Assignment. Look through the data below for the line with "Folded Natural Santa" and the line with "A Slice of Homemade", then output those two and all lines in between, exactly as written.
########
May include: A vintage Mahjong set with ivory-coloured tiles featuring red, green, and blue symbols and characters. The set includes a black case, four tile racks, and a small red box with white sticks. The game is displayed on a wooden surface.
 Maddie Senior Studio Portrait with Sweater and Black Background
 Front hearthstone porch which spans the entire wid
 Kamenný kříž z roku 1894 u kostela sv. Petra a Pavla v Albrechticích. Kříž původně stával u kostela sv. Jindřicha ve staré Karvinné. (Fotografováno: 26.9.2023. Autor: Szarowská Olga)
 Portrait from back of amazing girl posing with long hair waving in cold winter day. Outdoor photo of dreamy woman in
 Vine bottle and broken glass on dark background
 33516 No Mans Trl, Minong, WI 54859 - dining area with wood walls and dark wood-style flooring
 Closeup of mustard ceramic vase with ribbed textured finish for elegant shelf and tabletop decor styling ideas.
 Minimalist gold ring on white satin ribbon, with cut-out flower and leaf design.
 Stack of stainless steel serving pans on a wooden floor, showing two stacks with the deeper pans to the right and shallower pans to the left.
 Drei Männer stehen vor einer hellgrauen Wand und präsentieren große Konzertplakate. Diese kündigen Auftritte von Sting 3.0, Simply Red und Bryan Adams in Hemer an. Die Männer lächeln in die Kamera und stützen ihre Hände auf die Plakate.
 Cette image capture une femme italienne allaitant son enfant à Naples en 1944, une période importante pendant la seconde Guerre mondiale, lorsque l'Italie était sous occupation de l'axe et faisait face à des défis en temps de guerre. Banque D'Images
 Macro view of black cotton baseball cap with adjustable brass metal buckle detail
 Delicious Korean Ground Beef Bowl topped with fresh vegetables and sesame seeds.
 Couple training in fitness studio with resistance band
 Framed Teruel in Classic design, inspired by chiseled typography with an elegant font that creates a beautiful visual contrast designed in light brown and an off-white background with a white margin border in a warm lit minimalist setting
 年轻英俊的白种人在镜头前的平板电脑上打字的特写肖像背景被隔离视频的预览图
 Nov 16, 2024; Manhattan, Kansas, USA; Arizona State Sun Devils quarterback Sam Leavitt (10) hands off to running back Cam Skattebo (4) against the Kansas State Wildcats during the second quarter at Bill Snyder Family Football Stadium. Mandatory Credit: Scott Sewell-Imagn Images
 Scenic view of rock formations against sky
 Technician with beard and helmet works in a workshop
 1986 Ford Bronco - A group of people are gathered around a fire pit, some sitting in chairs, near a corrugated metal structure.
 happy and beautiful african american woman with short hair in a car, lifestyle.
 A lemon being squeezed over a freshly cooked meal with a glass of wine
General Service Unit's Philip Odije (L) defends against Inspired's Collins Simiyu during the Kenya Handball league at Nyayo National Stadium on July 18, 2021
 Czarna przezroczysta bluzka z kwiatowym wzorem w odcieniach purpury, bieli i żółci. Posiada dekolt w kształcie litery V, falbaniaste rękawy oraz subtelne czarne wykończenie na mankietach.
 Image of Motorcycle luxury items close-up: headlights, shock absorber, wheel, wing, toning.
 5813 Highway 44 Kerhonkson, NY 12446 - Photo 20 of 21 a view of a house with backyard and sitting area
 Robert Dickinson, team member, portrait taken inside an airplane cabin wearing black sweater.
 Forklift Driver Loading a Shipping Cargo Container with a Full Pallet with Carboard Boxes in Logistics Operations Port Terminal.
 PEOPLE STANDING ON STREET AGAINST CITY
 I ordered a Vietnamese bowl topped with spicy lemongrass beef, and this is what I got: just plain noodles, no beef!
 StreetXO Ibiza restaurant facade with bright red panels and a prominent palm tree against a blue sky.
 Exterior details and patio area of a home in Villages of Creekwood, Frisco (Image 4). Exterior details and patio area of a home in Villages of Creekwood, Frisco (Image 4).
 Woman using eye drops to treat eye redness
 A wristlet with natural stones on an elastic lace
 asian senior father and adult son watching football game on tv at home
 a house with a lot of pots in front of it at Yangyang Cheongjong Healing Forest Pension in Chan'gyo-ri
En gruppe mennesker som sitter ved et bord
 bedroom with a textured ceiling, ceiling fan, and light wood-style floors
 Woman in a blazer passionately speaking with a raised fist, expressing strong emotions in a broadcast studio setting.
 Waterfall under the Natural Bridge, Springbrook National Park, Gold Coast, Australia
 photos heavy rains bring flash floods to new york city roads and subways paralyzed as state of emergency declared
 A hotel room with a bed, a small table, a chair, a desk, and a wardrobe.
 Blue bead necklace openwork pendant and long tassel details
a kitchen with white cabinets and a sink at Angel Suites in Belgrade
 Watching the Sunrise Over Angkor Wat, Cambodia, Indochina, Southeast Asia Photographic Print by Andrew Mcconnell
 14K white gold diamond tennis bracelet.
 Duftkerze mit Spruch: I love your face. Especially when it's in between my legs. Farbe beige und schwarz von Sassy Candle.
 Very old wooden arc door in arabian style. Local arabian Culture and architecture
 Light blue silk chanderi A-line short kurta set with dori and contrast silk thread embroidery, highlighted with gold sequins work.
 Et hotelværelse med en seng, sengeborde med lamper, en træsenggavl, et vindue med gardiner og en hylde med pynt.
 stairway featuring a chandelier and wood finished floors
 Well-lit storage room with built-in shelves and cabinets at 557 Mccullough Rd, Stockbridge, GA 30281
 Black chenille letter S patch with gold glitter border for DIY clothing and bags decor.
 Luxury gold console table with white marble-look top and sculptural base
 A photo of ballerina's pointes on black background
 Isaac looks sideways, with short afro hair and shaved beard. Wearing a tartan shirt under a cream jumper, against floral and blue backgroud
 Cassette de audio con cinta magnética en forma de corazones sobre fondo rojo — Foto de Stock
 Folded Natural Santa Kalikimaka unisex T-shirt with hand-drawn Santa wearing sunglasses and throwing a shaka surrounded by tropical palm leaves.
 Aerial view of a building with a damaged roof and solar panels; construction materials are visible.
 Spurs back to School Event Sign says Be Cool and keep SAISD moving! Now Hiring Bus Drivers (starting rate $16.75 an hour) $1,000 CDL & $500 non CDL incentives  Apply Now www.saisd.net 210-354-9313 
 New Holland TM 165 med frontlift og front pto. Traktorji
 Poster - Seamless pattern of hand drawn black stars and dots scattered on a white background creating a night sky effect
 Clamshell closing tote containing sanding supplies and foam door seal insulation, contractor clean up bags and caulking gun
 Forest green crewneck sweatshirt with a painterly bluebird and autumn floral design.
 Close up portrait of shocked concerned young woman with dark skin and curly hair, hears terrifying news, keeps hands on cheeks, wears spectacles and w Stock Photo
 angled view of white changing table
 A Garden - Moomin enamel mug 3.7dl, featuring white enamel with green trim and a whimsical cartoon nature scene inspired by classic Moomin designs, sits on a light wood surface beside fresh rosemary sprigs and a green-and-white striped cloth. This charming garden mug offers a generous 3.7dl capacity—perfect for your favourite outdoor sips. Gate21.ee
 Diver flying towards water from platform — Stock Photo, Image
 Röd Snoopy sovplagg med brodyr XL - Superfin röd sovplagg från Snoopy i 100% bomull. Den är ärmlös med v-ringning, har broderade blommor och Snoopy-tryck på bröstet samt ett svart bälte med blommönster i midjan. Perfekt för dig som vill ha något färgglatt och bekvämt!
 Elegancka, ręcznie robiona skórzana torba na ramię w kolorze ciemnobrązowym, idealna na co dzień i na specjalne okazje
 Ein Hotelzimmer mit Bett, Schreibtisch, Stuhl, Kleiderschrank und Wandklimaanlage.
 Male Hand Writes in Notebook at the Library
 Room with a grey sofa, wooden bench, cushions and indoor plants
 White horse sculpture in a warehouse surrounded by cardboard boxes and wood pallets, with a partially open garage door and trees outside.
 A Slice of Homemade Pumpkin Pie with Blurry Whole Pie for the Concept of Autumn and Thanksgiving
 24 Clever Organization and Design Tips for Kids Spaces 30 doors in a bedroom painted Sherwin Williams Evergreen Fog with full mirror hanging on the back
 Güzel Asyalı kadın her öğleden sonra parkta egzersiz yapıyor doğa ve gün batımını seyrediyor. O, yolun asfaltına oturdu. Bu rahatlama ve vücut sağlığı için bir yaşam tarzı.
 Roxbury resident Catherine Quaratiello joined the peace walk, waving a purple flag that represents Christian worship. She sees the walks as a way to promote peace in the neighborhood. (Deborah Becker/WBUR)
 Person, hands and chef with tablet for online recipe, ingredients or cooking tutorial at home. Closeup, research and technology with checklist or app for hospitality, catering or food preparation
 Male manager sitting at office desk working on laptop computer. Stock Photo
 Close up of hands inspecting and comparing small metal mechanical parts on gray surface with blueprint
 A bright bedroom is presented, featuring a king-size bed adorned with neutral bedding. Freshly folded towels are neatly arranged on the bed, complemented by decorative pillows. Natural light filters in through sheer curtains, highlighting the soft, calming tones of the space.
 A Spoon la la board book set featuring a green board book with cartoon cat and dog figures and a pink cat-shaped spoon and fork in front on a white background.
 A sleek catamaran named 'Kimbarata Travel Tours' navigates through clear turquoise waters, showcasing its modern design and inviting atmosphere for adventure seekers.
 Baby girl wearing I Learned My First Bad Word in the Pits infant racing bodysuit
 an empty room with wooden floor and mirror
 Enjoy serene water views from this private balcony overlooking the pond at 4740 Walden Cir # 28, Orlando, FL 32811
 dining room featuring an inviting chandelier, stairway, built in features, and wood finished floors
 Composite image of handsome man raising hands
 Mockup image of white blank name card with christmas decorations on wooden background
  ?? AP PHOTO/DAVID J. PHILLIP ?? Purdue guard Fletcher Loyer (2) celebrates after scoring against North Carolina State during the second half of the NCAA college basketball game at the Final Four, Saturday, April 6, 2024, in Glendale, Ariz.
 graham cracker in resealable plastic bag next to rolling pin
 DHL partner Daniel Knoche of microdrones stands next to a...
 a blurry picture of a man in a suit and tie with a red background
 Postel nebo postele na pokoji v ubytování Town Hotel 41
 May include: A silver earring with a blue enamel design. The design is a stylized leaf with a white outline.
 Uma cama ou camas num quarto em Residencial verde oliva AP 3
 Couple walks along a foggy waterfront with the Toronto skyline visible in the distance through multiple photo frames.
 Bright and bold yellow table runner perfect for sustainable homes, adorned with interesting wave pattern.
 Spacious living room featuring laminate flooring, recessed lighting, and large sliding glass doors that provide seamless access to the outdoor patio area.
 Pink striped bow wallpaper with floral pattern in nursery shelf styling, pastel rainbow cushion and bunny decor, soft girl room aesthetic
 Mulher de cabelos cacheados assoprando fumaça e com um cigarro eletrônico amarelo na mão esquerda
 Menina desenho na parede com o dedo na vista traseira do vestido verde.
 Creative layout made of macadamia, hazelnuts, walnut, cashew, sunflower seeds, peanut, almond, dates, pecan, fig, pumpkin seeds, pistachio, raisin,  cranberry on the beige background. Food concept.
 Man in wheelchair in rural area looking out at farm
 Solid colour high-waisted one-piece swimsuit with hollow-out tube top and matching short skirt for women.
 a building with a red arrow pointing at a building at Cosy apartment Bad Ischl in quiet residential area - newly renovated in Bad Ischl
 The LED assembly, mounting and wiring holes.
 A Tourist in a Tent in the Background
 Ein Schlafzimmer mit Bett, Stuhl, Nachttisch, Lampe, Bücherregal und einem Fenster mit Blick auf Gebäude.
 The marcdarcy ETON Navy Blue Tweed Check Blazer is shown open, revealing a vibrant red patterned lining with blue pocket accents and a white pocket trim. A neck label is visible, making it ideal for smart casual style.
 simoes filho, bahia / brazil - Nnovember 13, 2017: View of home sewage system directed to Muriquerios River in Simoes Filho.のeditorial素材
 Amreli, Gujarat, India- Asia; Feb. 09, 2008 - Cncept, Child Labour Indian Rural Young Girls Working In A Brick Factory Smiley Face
########
Reply to the task.
 Folded Natural Santa Kalikimaka unisex T-shirt with hand-drawn Santa wearing sunglasses and throwing a shaka surrounded by tropical palm leaves.
 Aerial view of a building with a damaged roof and solar panels; construction materials are visible.
 Spurs back to School Event Sign says Be Cool and keep SAISD moving! Now Hiring Bus Drivers (starting rate $16.75 an hour) $1,000 CDL & $500 non CDL incentives  Apply Now www.saisd.net 210-354-9313 
 New Holland TM 165 med frontlift og front pto. Traktorji
 Poster - Seamless pattern of hand drawn black stars and dots scattered on a white background creating a night sky effect
 Clamshell closing tote containing sanding supplies and foam door seal insulation, contractor clean up bags and caulking gun
 Forest green crewneck sweatshirt with a painterly bluebird and autumn floral design.
 Close up portrait of shocked concerned young woman with dark skin and curly hair, hears terrifying news, keeps hands on cheeks, wears spectacles and w Stock Photo
 angled view of white changing table
 A Garden - Moomin enamel mug 3.7dl, featuring white enamel with green trim and a whimsical cartoon nature scene inspired by classic Moomin designs, sits on a light wood surface beside fresh rosemary sprigs and a green-and-white striped cloth. This charming garden mug offers a generous 3.7dl capacity—perfect for your favourite outdoor sips. Gate21.ee
 Diver flying towards water from platform — Stock Photo, Image
 Röd Snoopy sovplagg med brodyr XL - Superfin röd sovplagg från Snoopy i 100% bomull. Den är ärmlös med v-ringning, har broderade blommor och Snoopy-tryck på bröstet samt ett svart bälte med blommönster i midjan. Perfekt för dig som vill ha något färgglatt och bekvämt!
 Elegancka, ręcznie robiona skórzana torba na ramię w kolorze ciemnobrązowym, idealna na co dzień i na specjalne okazje
 Ein Hotelzimmer mit Bett, Schreibtisch, Stuhl, Kleiderschrank und Wandklimaanlage.
 Male Hand Writes in Notebook at the Library
 Room with a grey sofa, wooden bench, cushions and indoor plants
 White horse sculpture in a warehouse surrounded by cardboard boxes and wood pallets, with a partially open garage door and trees outside.
 A Slice of Homemade Pumpkin Pie with Blurry Whole Pie for the Concept of Autumn and Thanksgiving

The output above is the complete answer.